Within the latter part of 2012, Cell C rocked the local telecoms industry boat even further when it introduced its 10 GB and 20 GB bolt-on GigaNite data bundles, which delivers cheaper data rates to early birds web surfers and night owls (between 00:00 and 06:00). Innovation was also the order of the day when the firm launched six Straight Up packages for contract and Top-Up customers, offering five new contract packages in which users get a new smartphone every year for the duration (1, 2, 3 and 4 years) of their contract periods.
Let’s hope Cell C continues to drive the market forward in 2013.

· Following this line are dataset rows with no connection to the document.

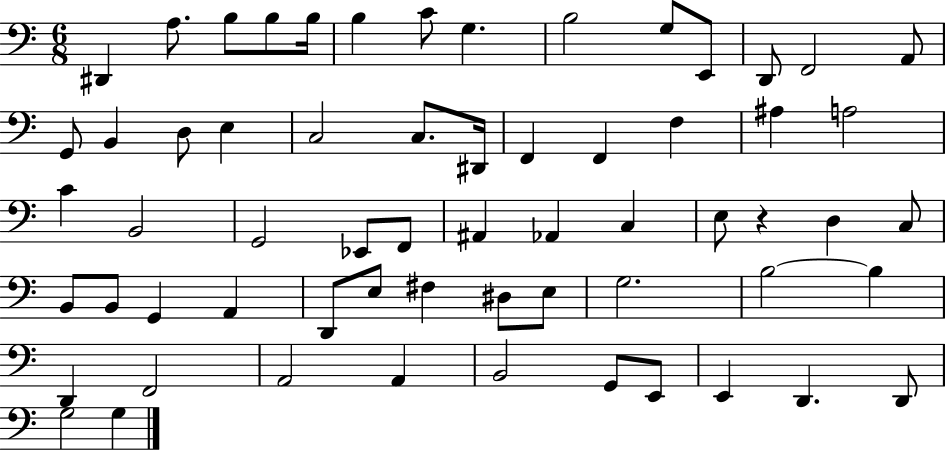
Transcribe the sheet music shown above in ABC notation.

X:1
T:Untitled
M:6/8
L:1/4
K:C
^D,, A,/2 B,/2 B,/2 B,/4 B, C/2 G, B,2 G,/2 E,,/2 D,,/2 F,,2 A,,/2 G,,/2 B,, D,/2 E, C,2 C,/2 ^D,,/4 F,, F,, F, ^A, A,2 C B,,2 G,,2 _E,,/2 F,,/2 ^A,, _A,, C, E,/2 z D, C,/2 B,,/2 B,,/2 G,, A,, D,,/2 E,/2 ^F, ^D,/2 E,/2 G,2 B,2 B, D,, F,,2 A,,2 A,, B,,2 G,,/2 E,,/2 E,, D,, D,,/2 G,2 G, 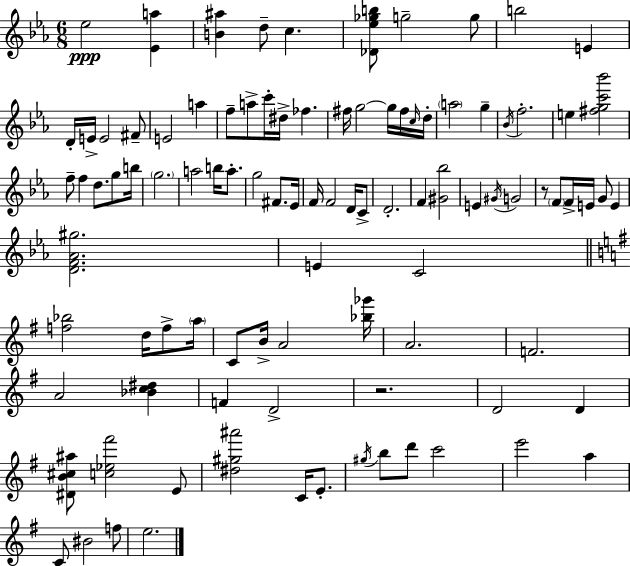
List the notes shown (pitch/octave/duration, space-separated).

Eb5/h [Eb4,A5]/q [B4,A#5]/q D5/e C5/q. [Db4,Eb5,Gb5,B5]/e G5/h G5/e B5/h E4/q D4/s E4/s E4/h F#4/e E4/h A5/q F5/e A5/e C6/s D#5/s FES5/q. F#5/s G5/h G5/s F#5/s C5/s D5/s A5/h G5/q Bb4/s F5/h. E5/q [F#5,G5,C6,Bb6]/h F5/e F5/q D5/e. G5/e B5/s G5/h. A5/h B5/s A5/e. G5/h F#4/e. Eb4/s F4/s F4/h D4/s C4/e D4/h. F4/q [G#4,Bb5]/h E4/q G#4/s G4/h R/e F4/e F4/s E4/s G4/e E4/q [D4,F4,Ab4,G#5]/h. E4/q C4/h [F5,Bb5]/h D5/s F5/e A5/s C4/e B4/s A4/h [Bb5,Gb6]/s A4/h. F4/h. A4/h [Bb4,C5,D#5]/q F4/q D4/h R/h. D4/h D4/q [D#4,B4,C#5,A#5]/e [C5,Eb5,F#6]/h E4/e [D#5,G#5,A#6]/h C4/s E4/e. G#5/s B5/e D6/e C6/h E6/h A5/q C4/e BIS4/h F5/e E5/h. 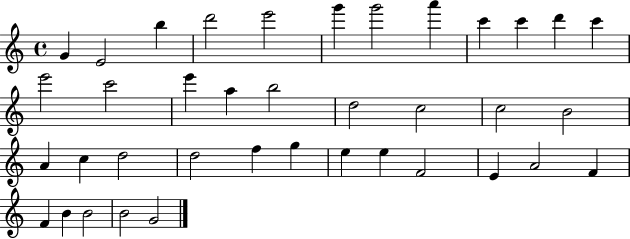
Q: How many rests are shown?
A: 0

The rise of the 7" tablet form factor
While last year was populated with manufacturers scrambling to bring their 10" tablet to market, 2012 saw similar efforts being made to corner the market that long for a smaller, more portable tablet. While Samsung led the charge for the category towards the end of last year by refreshing its Galaxy Tab line with a 7" Galaxy Tab Plus as well as a 7.7" device, which boasted a whopping, iPad-beating 12 hours of battery life, Google and Asus teamed up this year to bring us the excellent Nexus 7. Further afield, Amazon launched its 7" Kindle Fire HD, which i sadly not available locally.

None other than Apple then capped off the year by confirming everyone’s favourite rumour and indeed, bringing out a iPad Mini (albeit with a 7.9" screen).